Source records —
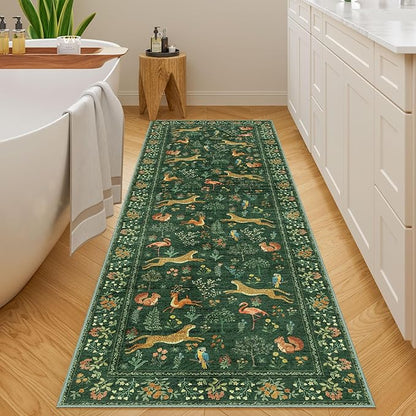 DUKINO 2x10 Rug for Hallway, Washable Kitchen Runner Rug - Image 8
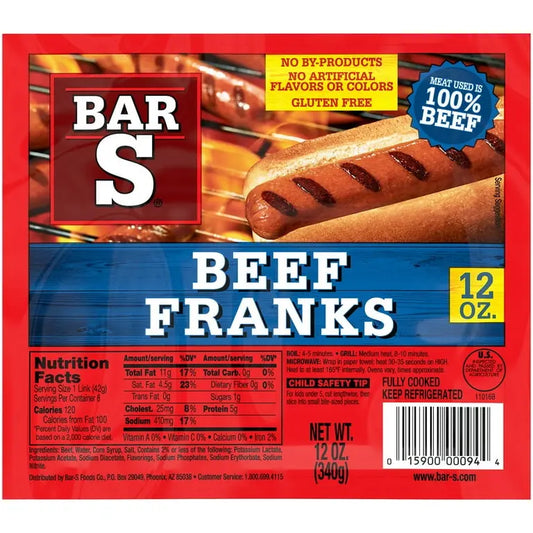 HOT DOG BAR S BEEF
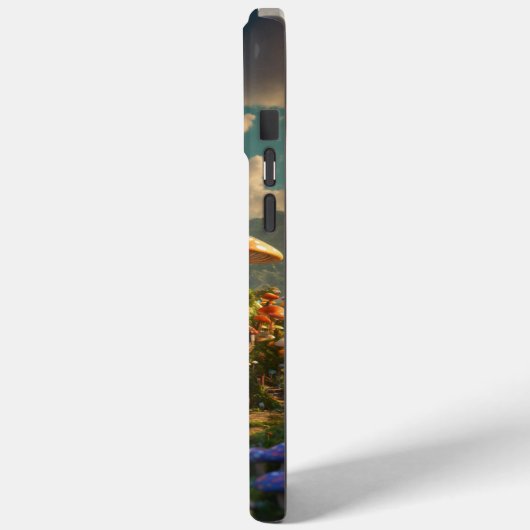 Psychedelic Mushroom Village – Ingewikkelde 3D-wee Case-Mate iPhone Case (Achterkant / Links)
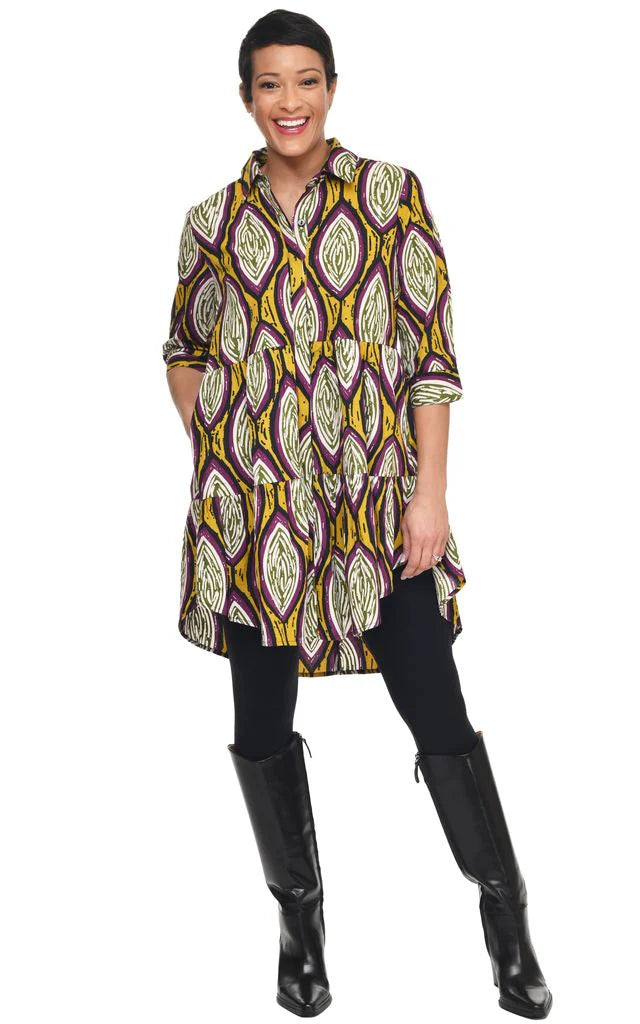 Tulip Celine Womens Dress in Almonds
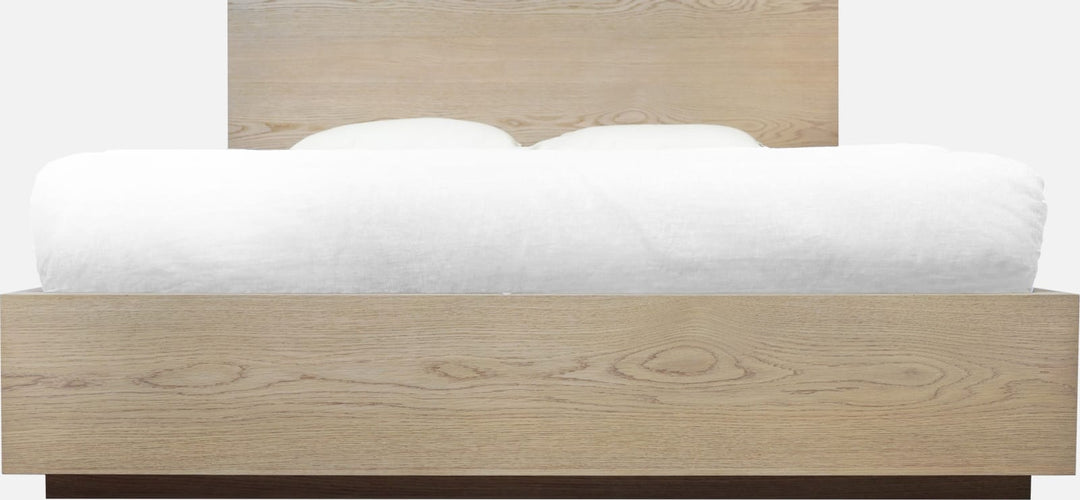 One Coastal Modern California King-size Platform Bed in Bisque – view 2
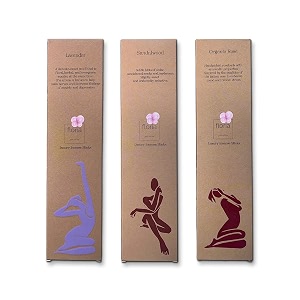 amayah lavender  sandalwood  organic rose incense sticks agarbatti combo  organic luxury incense sticks  charcoal free amp natural agarbatti for pooja  hand-rolled 75 incense sticks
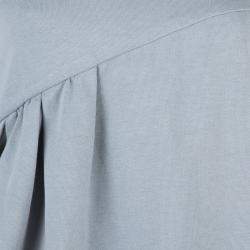 Pre Owned Chloe Grey One Shoulder Dress S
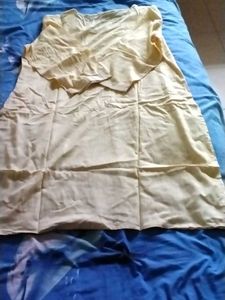 Sparkling Sequin light yellow kurti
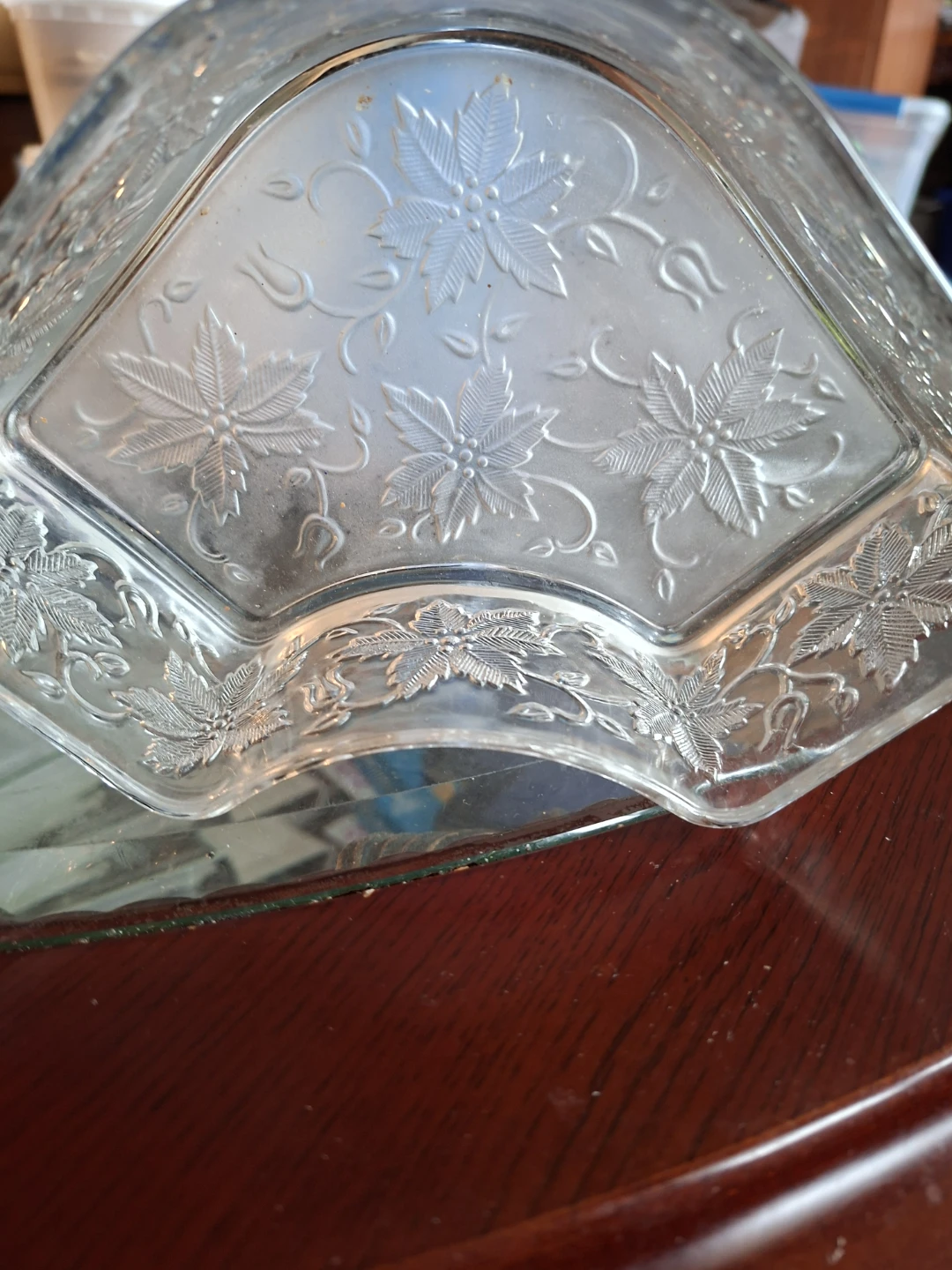 Clear Glass Footed Candy Dish - photo 4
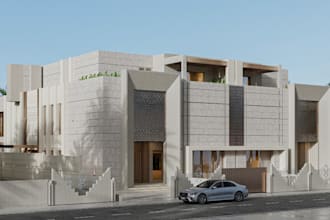 renovate exterior house,mini real estate apartment rendering,patio,terrace desig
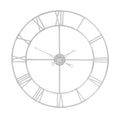Large Silver Foil Skeleton Wall Clock 102 cm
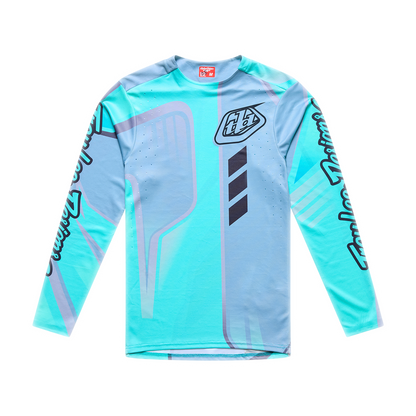 Maillot TROY LEE DESIGNS SPRINT PRO LOWRIDER Manches Longues Bleu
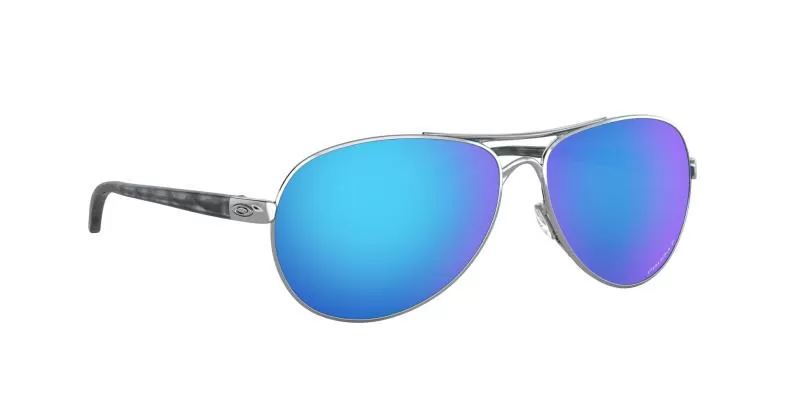 Oakley Sunglass Feedback - polished chrome, prizm sapphr irid polar
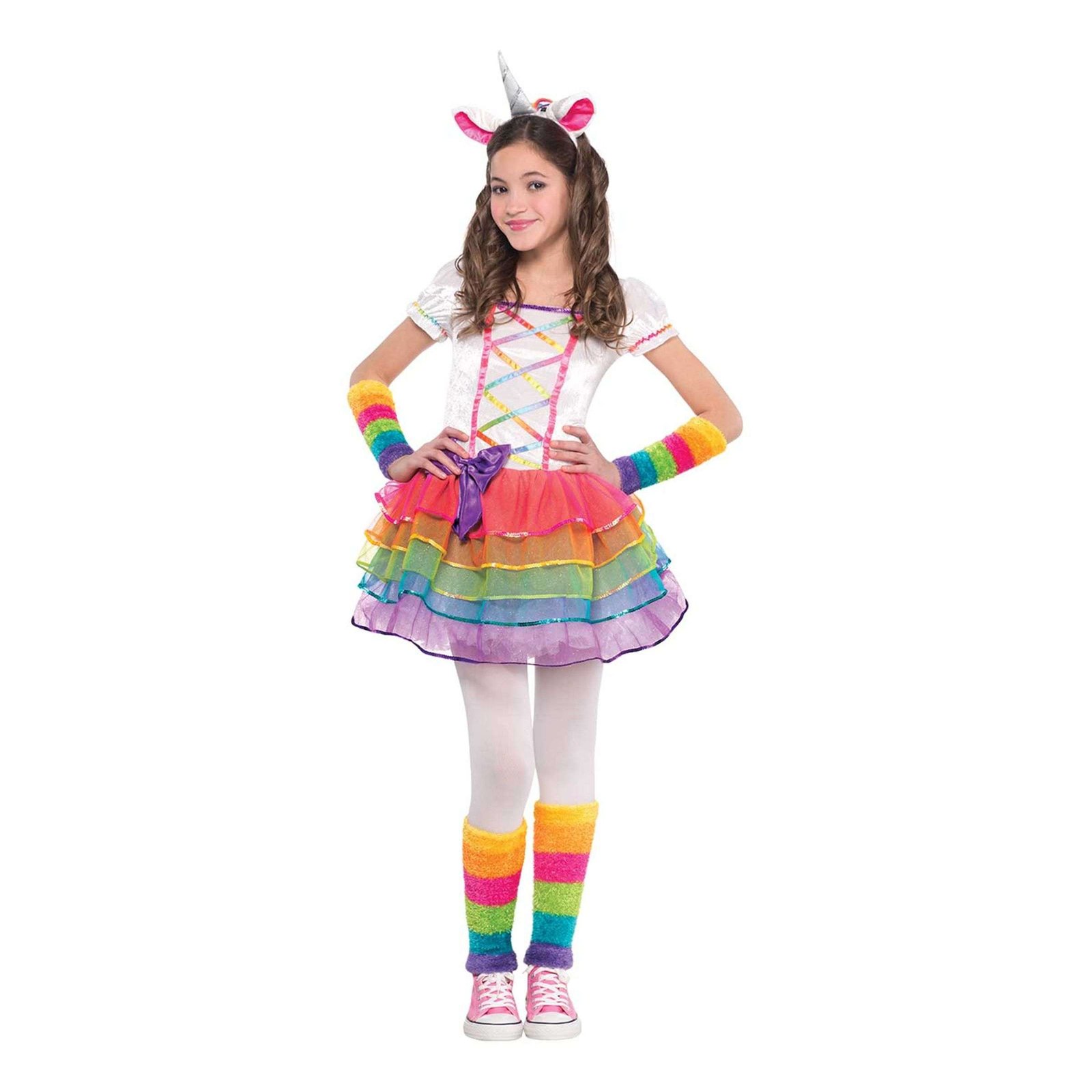 Rainbow Unicorn Lasten Naamiaisasu - X-Small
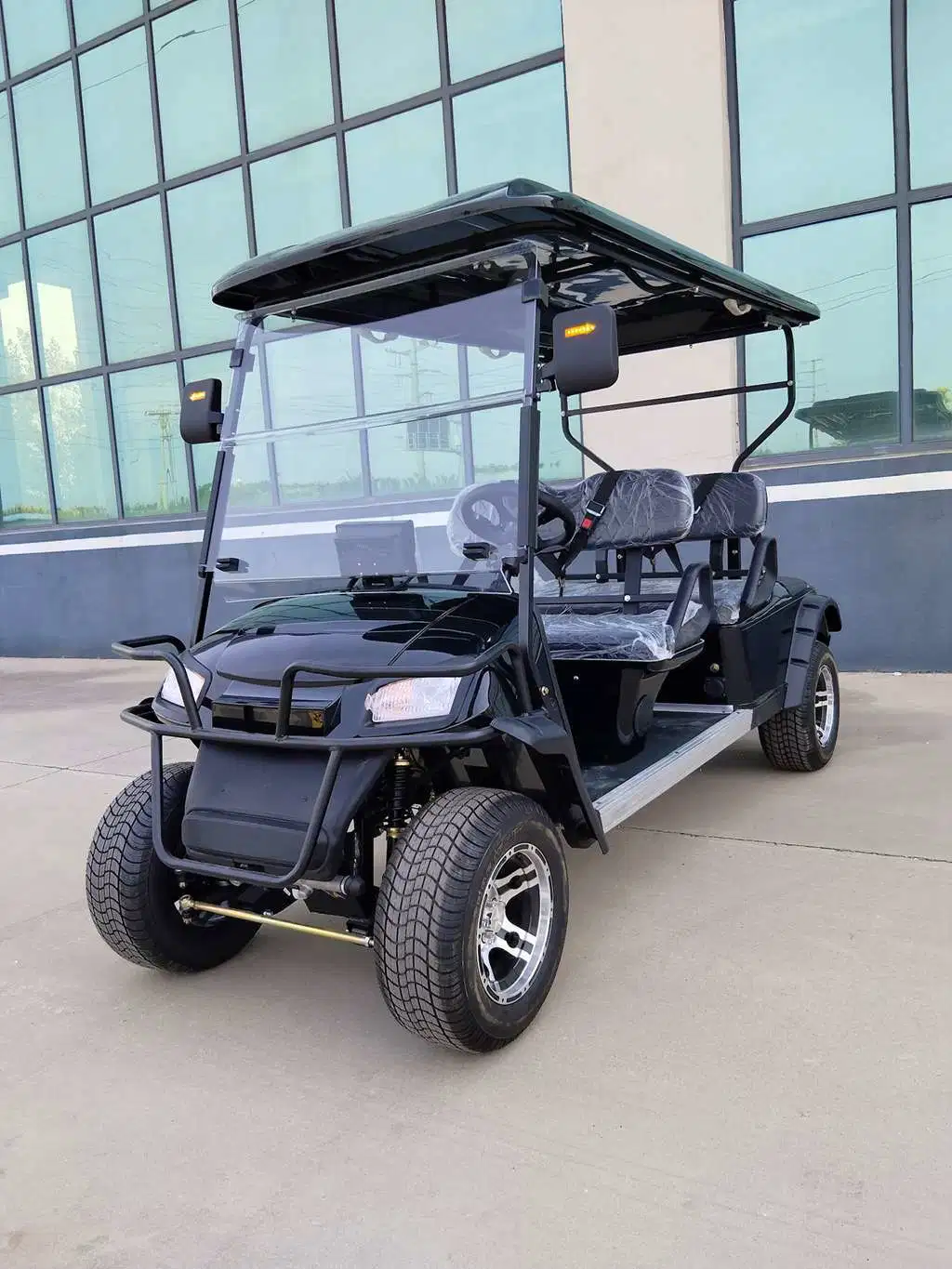 8 Passenger Folding Electric Golf Carts Cheap Prices Buggy Car for Sale Chinese 36V Lithium Battery 1 Person 4 Stroke Golf Cart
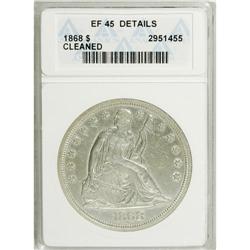 1868 $1 --Cleaned--ANACS. XF45 Details. NGC Census:
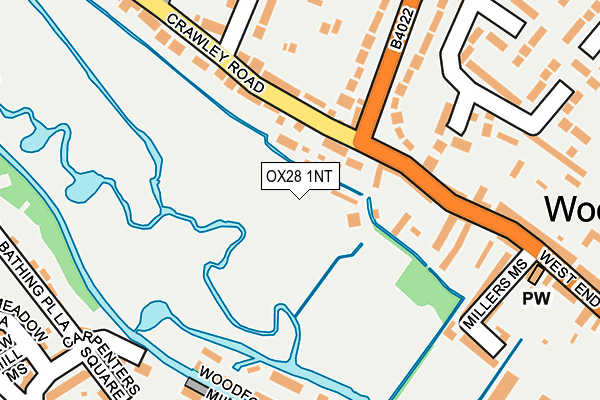 OX28 1NT map - OS OpenMap – Local (Ordnance Survey)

Your assignment — Omit every picture while copying the listing above exactly.

Answer area —
 DUKINO 2x10 Rug for Hallway, Washable Kitchen Runner Rug - Image 8
 HOT DOG BAR S BEEF
 Psychedelic Mushroom Village – Ingewikkelde 3D-wee Case-Mate iPhone Case (Achterkant / Links)
 Tulip Celine Womens Dress in Almonds
 One Coastal Modern California King-size Platform Bed in Bisque – view 2
 amayah lavender  sandalwood  organic rose incense sticks agarbatti combo  organic luxury incense sticks  charcoal free amp natural agarbatti for pooja  hand-rolled 75 incense sticks
 Pre Owned Chloe Grey One Shoulder Dress S
 Sparkling Sequin light yellow kurti
 Clear Glass Footed Candy Dish - photo 4
 renovate exterior house,mini real estate apartment rendering,patio,terrace desig
Large Silver Foil Skeleton Wall Clock 102 cm
 Maillot TROY LEE DESIGNS SPRINT PRO LOWRIDER Manches Longues Bleu
 Oakley Sunglass Feedback - polished chrome, prizm sapphr irid polar
 Rainbow Unicorn Lasten Naamiaisasu - X-Small
 8 Passenger Folding Electric Golf Carts Cheap Prices Buggy Car for Sale Chinese 36V Lithium Battery 1 Person 4 Stroke Golf Cart
 1868 $1 --Cleaned--ANACS. XF45 Details. NGC Census:
 OX28 1NT map - OS OpenMap – Local (Ordnance Survey)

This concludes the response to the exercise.